### PROBLEM DETAILS:
Everything in the listing below from the line containing "Fig. 5. A view" through the line containing "tmp_bep_pcb_valid_hist_log.png" must be repeated exactly; the remaining lines are not wanted.

### DATA FOR THIS EXERCISE:
↓↓↓
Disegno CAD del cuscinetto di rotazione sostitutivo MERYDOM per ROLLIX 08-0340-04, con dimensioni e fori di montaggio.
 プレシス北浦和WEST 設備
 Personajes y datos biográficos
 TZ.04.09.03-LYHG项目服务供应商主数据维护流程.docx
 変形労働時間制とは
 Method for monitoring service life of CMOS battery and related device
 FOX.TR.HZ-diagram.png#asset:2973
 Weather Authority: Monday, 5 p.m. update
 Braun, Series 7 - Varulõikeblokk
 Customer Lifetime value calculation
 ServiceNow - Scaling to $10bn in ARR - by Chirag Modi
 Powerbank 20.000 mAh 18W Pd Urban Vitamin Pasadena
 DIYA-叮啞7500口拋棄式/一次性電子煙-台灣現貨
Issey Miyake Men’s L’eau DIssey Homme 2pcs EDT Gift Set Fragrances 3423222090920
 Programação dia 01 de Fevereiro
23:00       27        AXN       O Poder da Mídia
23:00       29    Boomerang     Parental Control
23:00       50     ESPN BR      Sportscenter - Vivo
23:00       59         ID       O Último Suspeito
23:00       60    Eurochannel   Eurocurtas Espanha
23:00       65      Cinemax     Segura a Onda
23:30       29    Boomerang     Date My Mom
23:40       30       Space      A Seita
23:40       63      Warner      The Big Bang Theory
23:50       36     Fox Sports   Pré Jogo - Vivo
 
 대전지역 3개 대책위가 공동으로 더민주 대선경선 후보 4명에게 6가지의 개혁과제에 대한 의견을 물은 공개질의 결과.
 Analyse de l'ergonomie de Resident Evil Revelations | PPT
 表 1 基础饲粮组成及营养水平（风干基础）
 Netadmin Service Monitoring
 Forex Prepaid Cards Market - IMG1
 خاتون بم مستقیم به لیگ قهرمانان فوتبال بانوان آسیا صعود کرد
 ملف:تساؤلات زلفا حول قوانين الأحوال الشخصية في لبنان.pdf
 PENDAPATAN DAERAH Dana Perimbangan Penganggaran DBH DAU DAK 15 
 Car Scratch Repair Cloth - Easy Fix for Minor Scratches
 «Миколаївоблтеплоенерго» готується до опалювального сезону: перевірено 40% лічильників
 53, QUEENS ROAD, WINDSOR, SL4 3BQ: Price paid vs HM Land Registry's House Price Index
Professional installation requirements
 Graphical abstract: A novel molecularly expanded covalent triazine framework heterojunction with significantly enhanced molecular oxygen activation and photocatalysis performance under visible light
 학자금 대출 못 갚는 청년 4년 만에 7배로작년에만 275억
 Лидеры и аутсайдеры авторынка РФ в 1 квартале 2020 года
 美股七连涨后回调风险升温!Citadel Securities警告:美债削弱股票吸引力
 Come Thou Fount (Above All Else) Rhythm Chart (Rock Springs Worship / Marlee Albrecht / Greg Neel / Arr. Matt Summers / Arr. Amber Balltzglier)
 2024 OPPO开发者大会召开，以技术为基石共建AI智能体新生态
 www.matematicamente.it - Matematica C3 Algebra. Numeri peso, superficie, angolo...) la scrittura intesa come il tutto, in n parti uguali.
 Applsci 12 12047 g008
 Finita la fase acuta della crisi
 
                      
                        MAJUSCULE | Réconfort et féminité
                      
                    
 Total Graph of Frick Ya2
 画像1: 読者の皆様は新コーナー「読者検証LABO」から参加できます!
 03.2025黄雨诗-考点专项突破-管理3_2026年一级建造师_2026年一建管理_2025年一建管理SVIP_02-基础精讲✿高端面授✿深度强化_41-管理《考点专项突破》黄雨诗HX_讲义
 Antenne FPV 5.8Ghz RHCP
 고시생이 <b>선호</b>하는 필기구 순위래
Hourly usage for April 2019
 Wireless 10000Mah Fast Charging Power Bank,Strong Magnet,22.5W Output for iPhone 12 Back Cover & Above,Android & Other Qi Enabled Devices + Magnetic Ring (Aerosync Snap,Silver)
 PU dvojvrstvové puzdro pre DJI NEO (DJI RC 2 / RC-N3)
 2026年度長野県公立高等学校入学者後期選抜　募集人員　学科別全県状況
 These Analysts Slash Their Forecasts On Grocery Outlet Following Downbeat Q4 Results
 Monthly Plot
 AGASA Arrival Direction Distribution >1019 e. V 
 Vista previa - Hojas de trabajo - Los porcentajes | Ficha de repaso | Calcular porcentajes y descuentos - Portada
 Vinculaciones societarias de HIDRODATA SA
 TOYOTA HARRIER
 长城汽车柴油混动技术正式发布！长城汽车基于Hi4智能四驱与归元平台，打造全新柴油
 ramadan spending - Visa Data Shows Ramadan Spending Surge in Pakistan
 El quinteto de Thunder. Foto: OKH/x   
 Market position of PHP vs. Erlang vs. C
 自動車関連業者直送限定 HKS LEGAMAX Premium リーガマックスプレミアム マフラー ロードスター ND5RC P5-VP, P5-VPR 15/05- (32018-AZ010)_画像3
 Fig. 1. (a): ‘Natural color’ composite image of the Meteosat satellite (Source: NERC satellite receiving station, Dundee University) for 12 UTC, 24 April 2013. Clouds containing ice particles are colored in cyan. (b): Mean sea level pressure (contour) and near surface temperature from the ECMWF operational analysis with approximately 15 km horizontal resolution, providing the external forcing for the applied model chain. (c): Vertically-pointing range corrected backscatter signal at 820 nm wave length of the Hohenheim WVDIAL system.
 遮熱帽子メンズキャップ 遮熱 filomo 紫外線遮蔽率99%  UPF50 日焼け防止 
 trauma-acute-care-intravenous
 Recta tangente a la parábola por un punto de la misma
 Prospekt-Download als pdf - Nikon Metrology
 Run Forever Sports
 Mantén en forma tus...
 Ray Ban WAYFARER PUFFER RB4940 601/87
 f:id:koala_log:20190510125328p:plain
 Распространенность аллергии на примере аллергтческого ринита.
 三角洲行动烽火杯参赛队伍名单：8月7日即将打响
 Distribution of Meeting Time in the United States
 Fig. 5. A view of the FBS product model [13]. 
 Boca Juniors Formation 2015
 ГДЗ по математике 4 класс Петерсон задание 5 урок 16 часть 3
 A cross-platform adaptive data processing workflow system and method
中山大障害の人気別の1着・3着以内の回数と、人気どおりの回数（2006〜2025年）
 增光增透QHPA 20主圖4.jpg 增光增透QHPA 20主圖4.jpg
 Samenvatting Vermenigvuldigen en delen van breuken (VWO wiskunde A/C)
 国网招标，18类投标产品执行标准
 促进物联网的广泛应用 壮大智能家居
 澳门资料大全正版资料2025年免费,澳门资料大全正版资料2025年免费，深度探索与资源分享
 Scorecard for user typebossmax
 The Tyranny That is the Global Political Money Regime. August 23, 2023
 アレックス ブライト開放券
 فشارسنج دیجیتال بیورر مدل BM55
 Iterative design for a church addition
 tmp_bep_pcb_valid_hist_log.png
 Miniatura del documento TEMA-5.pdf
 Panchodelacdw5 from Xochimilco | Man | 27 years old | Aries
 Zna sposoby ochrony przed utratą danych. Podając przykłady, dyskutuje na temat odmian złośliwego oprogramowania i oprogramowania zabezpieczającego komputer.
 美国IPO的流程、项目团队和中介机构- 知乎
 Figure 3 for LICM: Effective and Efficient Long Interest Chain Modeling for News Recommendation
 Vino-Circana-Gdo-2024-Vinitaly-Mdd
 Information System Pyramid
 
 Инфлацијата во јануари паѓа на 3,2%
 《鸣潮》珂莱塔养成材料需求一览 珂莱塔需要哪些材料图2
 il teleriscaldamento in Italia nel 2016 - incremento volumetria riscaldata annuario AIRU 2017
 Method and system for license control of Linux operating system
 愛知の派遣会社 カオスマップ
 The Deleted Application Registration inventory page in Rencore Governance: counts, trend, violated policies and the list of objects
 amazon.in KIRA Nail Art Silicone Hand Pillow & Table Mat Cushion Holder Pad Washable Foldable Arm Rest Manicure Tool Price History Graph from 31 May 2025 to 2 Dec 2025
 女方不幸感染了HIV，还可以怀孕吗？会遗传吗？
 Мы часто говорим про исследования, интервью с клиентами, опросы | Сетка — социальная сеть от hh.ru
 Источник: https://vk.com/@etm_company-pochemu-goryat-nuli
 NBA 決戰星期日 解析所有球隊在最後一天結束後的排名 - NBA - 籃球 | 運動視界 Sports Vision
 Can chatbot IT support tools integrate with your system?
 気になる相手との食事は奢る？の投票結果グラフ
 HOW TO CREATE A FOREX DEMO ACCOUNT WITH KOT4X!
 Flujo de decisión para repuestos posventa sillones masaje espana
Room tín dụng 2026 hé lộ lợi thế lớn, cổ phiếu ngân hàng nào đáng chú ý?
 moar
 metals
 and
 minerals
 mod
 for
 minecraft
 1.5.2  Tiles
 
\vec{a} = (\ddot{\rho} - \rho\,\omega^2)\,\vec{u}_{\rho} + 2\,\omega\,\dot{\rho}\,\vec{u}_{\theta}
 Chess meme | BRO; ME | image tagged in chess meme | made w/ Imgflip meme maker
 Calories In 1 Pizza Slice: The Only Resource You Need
↑↑↑
### EXPECTED OUTPUT:
 Fig. 5. A view of the FBS product model [13]. 
 Boca Juniors Formation 2015
 ГДЗ по математике 4 класс Петерсон задание 5 урок 16 часть 3
 A cross-platform adaptive data processing workflow system and method
中山大障害の人気別の1着・3着以内の回数と、人気どおりの回数（2006〜2025年）
 增光增透QHPA 20主圖4.jpg 增光增透QHPA 20主圖4.jpg
 Samenvatting Vermenigvuldigen en delen van breuken (VWO wiskunde A/C)
 国网招标，18类投标产品执行标准
 促进物联网的广泛应用 壮大智能家居
 澳门资料大全正版资料2025年免费,澳门资料大全正版资料2025年免费，深度探索与资源分享
 Scorecard for user typebossmax
 The Tyranny That is the Global Political Money Regime. August 23, 2023
 アレックス ブライト開放券
 فشارسنج دیجیتال بیورر مدل BM55
 Iterative design for a church addition
 tmp_bep_pcb_valid_hist_log.png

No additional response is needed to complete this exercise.